The repression of INK4A activity, accompanied by the inactivation of RB as a transcriptional repressor, leads to the overexpression of chromatin-remodelling proteins such as the polycomb proteins enhancer of zeste homologue 2 (EZH2) and suppressor of zeste 12 homologue (SUZ12)53,54. These proteins are expressed in approximately 50% of DCIS lesions and are indicative of a poor prognosis in patients with invasive breast cancer55,56. Abnormalities in chromatin remodelling are thought to have a role in nuclear atypia and abnormalities in cell polarity, which are prominent features of DCIS pathology. In addition, when mammary epithelial cells were exposed to a variety of stresses, the inhibition of RB resulted in the persistence of DNA damage and could drive the expression of the pro-inflammatory protein cyclooxygenase 2 (COX2)9,57,58. COX2 expression can stimulate cell migration and angiogenesis, and has been reported to be upregulated in DCIS lesions in women with a high likelihood of subsequent breast cancer10,58. Therefore, another potential consequence of adaptation to stress in the intraductal niche is the promotion of genetic and epigenetic dysfunction through the INK4A–RB pathway.
Breast cancer progression is thought to be a multistep process involving a continuum of changes from normal phenotype through hyperplastic lesions, carcinoma in situ and invasive carcinoma, to metastatic disease8,59 (BOX 2). In this model, additional genetic alterations are required before cells in a DCIS lesion can progress to an invasive and metastatic carcinoma.
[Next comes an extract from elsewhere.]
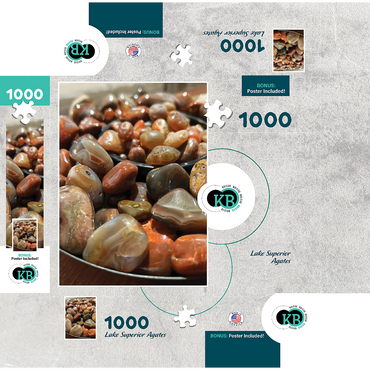 Macro Photography: Lake Superior Agates, no.4 1000 Jigsaw Puzzle box 3D Modell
We propose that the traditional stepwise model of breast cancer progression has to be revised on the basis of new knowledge about cancer progenitor cells and cancer stem cells60. Recent data indicate that the aggressive phenotype of breast cancer is determined at the pre-malignant stage, much earlier than previously thought. Experimental approaches employing loss-of-heterozygosity (LOH), and comparative genomic hybridization (CGH), as well as mutational screens, reveal that most of the genetic changes that underpin invasive breast cancer are evident in DCIS lesions2,3,5–8,59,61,62. Gene expression studies of patient-matched tissues, including atypical ductal hyperplasia (ADH), DCIS and invasive carcinoma, revealed that the various stages of disease progression are similar to each other at the level of the transcriptome2,5,6. These studies also show that DCIS lesions are more similar to the invasive breast cancer in the same patient compared with DCIS lesions from other patients2,5,6. Further support for the conclusion that primary genetic changes are present at the pre-malignant stage comes from studies of PIK3CA mutations and ERBB2 (also known as HER2) amplifications in DCIS lesions and matched invasive lesions from the same patient62. No significant difference in the frequency of PIK3CA mutations was found62 between the DCIS and the matched invasive cancer. In a separate study61, no significant differences were found between the gene amplification status of ERBB2, oestrogen receptor 1 (ESR1), cyclin D1 (CCND1) and MYC in DCIS compared with invasive breast cancer. Taken together, these data support the hypothesis that the invasive phenotype of breast cancer is already genetically programmed at the pre-invasive stages of disease progression.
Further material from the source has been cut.